_What the task requires_: In full and without changes, output the data.

_Supplied material_:

*** Begin section ***

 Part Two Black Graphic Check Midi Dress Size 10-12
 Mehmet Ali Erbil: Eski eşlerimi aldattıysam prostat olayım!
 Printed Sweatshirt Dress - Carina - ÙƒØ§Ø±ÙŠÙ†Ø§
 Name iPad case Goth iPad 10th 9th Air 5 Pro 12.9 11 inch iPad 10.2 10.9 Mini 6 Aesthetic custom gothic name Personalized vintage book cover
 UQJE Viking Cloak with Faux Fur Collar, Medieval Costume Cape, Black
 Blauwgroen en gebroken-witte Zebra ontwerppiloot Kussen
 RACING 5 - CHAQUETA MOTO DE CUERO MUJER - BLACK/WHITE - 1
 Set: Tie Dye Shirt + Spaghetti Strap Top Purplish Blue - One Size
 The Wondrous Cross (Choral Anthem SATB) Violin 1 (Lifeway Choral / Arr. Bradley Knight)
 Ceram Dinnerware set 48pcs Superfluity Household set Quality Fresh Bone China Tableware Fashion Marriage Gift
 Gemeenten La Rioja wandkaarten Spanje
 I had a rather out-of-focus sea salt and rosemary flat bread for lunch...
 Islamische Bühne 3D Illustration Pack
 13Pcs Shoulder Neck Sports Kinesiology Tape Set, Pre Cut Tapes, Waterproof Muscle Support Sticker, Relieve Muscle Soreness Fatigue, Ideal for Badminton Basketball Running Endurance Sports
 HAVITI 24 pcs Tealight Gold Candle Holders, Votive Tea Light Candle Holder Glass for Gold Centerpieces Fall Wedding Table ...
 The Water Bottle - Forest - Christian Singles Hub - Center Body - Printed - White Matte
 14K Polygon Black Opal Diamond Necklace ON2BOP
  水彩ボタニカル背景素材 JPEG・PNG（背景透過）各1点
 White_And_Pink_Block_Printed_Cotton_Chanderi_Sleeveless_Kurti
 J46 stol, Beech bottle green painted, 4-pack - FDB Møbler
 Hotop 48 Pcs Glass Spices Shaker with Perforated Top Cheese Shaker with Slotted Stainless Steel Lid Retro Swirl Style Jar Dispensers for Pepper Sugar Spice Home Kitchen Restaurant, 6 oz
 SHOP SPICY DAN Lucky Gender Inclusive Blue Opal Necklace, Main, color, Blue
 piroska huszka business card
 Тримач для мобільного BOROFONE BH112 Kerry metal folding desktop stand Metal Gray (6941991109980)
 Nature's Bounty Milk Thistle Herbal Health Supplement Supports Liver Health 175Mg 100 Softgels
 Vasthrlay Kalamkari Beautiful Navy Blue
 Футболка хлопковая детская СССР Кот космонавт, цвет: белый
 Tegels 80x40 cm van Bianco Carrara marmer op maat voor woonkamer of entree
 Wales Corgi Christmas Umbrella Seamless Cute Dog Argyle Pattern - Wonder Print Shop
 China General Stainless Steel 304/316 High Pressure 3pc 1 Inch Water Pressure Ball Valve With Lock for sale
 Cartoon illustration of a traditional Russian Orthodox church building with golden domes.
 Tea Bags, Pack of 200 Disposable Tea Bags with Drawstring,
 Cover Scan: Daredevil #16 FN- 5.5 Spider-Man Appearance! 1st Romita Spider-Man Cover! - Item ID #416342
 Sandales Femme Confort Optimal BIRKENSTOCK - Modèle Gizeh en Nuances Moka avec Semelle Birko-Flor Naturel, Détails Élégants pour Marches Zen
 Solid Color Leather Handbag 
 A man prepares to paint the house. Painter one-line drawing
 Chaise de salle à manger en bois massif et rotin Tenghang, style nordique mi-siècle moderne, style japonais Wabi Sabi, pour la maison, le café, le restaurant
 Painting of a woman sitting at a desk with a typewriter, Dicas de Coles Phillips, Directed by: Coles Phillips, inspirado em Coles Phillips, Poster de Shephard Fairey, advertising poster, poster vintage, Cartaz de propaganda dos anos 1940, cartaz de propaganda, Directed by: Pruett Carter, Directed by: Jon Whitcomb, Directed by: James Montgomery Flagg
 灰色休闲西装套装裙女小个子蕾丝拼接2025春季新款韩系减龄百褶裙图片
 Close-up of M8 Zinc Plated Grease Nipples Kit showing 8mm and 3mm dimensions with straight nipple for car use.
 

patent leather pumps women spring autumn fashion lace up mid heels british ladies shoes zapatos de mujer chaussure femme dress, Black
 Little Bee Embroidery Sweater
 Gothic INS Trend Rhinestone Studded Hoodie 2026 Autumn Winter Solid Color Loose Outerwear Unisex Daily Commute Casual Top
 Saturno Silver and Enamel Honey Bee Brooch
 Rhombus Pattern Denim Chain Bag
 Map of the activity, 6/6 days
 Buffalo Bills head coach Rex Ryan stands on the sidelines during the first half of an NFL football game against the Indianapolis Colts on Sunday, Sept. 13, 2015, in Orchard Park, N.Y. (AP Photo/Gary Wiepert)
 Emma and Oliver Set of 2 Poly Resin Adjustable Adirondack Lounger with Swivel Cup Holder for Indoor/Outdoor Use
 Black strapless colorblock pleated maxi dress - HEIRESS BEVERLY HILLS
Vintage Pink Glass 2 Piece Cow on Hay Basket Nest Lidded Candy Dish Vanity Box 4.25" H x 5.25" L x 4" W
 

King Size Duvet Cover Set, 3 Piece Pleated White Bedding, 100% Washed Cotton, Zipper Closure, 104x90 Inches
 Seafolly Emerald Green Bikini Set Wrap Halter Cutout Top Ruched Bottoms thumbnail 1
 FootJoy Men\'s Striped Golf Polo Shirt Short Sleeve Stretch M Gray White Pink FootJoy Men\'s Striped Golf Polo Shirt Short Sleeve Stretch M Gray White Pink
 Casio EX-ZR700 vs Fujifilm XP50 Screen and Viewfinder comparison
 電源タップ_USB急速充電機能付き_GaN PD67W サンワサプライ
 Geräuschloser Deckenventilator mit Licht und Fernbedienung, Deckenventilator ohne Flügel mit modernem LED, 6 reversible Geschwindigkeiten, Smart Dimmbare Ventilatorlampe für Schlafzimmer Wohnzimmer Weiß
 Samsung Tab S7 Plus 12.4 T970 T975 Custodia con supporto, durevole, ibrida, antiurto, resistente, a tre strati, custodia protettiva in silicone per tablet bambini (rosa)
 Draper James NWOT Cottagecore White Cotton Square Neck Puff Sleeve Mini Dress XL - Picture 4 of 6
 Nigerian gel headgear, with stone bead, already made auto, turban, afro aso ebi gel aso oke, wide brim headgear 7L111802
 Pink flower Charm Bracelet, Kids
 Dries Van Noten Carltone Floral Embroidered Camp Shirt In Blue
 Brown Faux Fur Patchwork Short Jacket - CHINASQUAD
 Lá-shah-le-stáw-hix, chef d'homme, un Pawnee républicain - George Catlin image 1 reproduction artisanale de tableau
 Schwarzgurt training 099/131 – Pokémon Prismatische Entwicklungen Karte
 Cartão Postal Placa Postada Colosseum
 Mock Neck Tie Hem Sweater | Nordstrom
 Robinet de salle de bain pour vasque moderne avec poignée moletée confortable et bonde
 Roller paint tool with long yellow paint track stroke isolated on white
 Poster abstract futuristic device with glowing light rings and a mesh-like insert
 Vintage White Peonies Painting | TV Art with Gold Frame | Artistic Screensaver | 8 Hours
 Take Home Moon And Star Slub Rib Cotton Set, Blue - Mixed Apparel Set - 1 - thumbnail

*** End section ***

_Expected output_:
 Part Two Black Graphic Check Midi Dress Size 10-12
 Mehmet Ali Erbil: Eski eşlerimi aldattıysam prostat olayım!
 Printed Sweatshirt Dress - Carina - ÙƒØ§Ø±ÙŠÙ†Ø§
 Name iPad case Goth iPad 10th 9th Air 5 Pro 12.9 11 inch iPad 10.2 10.9 Mini 6 Aesthetic custom gothic name Personalized vintage book cover
 UQJE Viking Cloak with Faux Fur Collar, Medieval Costume Cape, Black
 Blauwgroen en gebroken-witte Zebra ontwerppiloot Kussen
 RACING 5 - CHAQUETA MOTO DE CUERO MUJER - BLACK/WHITE - 1
 Set: Tie Dye Shirt + Spaghetti Strap Top Purplish Blue - One Size
 The Wondrous Cross (Choral Anthem SATB) Violin 1 (Lifeway Choral / Arr. Bradley Knight)
 Ceram Dinnerware set 48pcs Superfluity Household set Quality Fresh Bone China Tableware Fashion Marriage Gift
 Gemeenten La Rioja wandkaarten Spanje
 I had a rather out-of-focus sea salt and rosemary flat bread for lunch...
 Islamische Bühne 3D Illustration Pack
 13Pcs Shoulder Neck Sports Kinesiology Tape Set, Pre Cut Tapes, Waterproof Muscle Support Sticker, Relieve Muscle Soreness Fatigue, Ideal for Badminton Basketball Running Endurance Sports
 HAVITI 24 pcs Tealight Gold Candle Holders, Votive Tea Light Candle Holder Glass for Gold Centerpieces Fall Wedding Table ...
 The Water Bottle - Forest - Christian Singles Hub - Center Body - Printed - White Matte
 14K Polygon Black Opal Diamond Necklace ON2BOP
  水彩ボタニカル背景素材 JPEG・PNG（背景透過）各1点
 White_And_Pink_Block_Printed_Cotton_Chanderi_Sleeveless_Kurti
 J46 stol, Beech bottle green painted, 4-pack - FDB Møbler
 Hotop 48 Pcs Glass Spices Shaker with Perforated Top Cheese Shaker with Slotted Stainless Steel Lid Retro Swirl Style Jar Dispensers for Pepper Sugar Spice Home Kitchen Restaurant, 6 oz
 SHOP SPICY DAN Lucky Gender Inclusive Blue Opal Necklace, Main, color, Blue
 piroska huszka business card
 Тримач для мобільного BOROFONE BH112 Kerry metal folding desktop stand Metal Gray (6941991109980)
 Nature's Bounty Milk Thistle Herbal Health Supplement Supports Liver Health 175Mg 100 Softgels
 Vasthrlay Kalamkari Beautiful Navy Blue
 Футболка хлопковая детская СССР Кот космонавт, цвет: белый
 Tegels 80x40 cm van Bianco Carrara marmer op maat voor woonkamer of entree
 Wales Corgi Christmas Umbrella Seamless Cute Dog Argyle Pattern - Wonder Print Shop
 China General Stainless Steel 304/316 High Pressure 3pc 1 Inch Water Pressure Ball Valve With Lock for sale
 Cartoon illustration of a traditional Russian Orthodox church building with golden domes.
 Tea Bags, Pack of 200 Disposable Tea Bags with Drawstring,
 Cover Scan: Daredevil #16 FN- 5.5 Spider-Man Appearance! 1st Romita Spider-Man Cover! - Item ID #416342
 Sandales Femme Confort Optimal BIRKENSTOCK - Modèle Gizeh en Nuances Moka avec Semelle Birko-Flor Naturel, Détails Élégants pour Marches Zen
 Solid Color Leather Handbag 
 A man prepares to paint the house. Painter one-line drawing
 Chaise de salle à manger en bois massif et rotin Tenghang, style nordique mi-siècle moderne, style japonais Wabi Sabi, pour la maison, le café, le restaurant
 Painting of a woman sitting at a desk with a typewriter, Dicas de Coles Phillips, Directed by: Coles Phillips, inspirado em Coles Phillips, Poster de Shephard Fairey, advertising poster, poster vintage, Cartaz de propaganda dos anos 1940, cartaz de propaganda, Directed by: Pruett Carter, Directed by: Jon Whitcomb, Directed by: James Montgomery Flagg
 灰色休闲西装套装裙女小个子蕾丝拼接2025春季新款韩系减龄百褶裙图片
 Close-up of M8 Zinc Plated Grease Nipples Kit showing 8mm and 3mm dimensions with straight nipple for car use.
 

patent leather pumps women spring autumn fashion lace up mid heels british ladies shoes zapatos de mujer chaussure femme dress, Black
 Little Bee Embroidery Sweater
 Gothic INS Trend Rhinestone Studded Hoodie 2026 Autumn Winter Solid Color Loose Outerwear Unisex Daily Commute Casual Top
 Saturno Silver and Enamel Honey Bee Brooch
 Rhombus Pattern Denim Chain Bag
 Map of the activity, 6/6 days
 Buffalo Bills head coach Rex Ryan stands on the sidelines during the first half of an NFL football game against the Indianapolis Colts on Sunday, Sept. 13, 2015, in Orchard Park, N.Y. (AP Photo/Gary Wiepert)
 Emma and Oliver Set of 2 Poly Resin Adjustable Adirondack Lounger with Swivel Cup Holder for Indoor/Outdoor Use
 Black strapless colorblock pleated maxi dress - HEIRESS BEVERLY HILLS
Vintage Pink Glass 2 Piece Cow on Hay Basket Nest Lidded Candy Dish Vanity Box 4.25" H x 5.25" L x 4" W
 

King Size Duvet Cover Set, 3 Piece Pleated White Bedding, 100% Washed Cotton, Zipper Closure, 104x90 Inches
 Seafolly Emerald Green Bikini Set Wrap Halter Cutout Top Ruched Bottoms thumbnail 1
 FootJoy Men\'s Striped Golf Polo Shirt Short Sleeve Stretch M Gray White Pink FootJoy Men\'s Striped Golf Polo Shirt Short Sleeve Stretch M Gray White Pink
 Casio EX-ZR700 vs Fujifilm XP50 Screen and Viewfinder comparison
 電源タップ_USB急速充電機能付き_GaN PD67W サンワサプライ
 Geräuschloser Deckenventilator mit Licht und Fernbedienung, Deckenventilator ohne Flügel mit modernem LED, 6 reversible Geschwindigkeiten, Smart Dimmbare Ventilatorlampe für Schlafzimmer Wohnzimmer Weiß
 Samsung Tab S7 Plus 12.4 T970 T975 Custodia con supporto, durevole, ibrida, antiurto, resistente, a tre strati, custodia protettiva in silicone per tablet bambini (rosa)
 Draper James NWOT Cottagecore White Cotton Square Neck Puff Sleeve Mini Dress XL - Picture 4 of 6
 Nigerian gel headgear, with stone bead, already made auto, turban, afro aso ebi gel aso oke, wide brim headgear 7L111802
 Pink flower Charm Bracelet, Kids
 Dries Van Noten Carltone Floral Embroidered Camp Shirt In Blue
 Brown Faux Fur Patchwork Short Jacket - CHINASQUAD
 Lá-shah-le-stáw-hix, chef d'homme, un Pawnee républicain - George Catlin image 1 reproduction artisanale de tableau
 Schwarzgurt training 099/131 – Pokémon Prismatische Entwicklungen Karte
 Cartão Postal Placa Postada Colosseum
 Mock Neck Tie Hem Sweater | Nordstrom
 Robinet de salle de bain pour vasque moderne avec poignée moletée confortable et bonde
 Roller paint tool with long yellow paint track stroke isolated on white
 Poster abstract futuristic device with glowing light rings and a mesh-like insert
 Vintage White Peonies Painting | TV Art with Gold Frame | Artistic Screensaver | 8 Hours
 Take Home Moon And Star Slub Rib Cotton Set, Blue - Mixed Apparel Set - 1 - thumbnail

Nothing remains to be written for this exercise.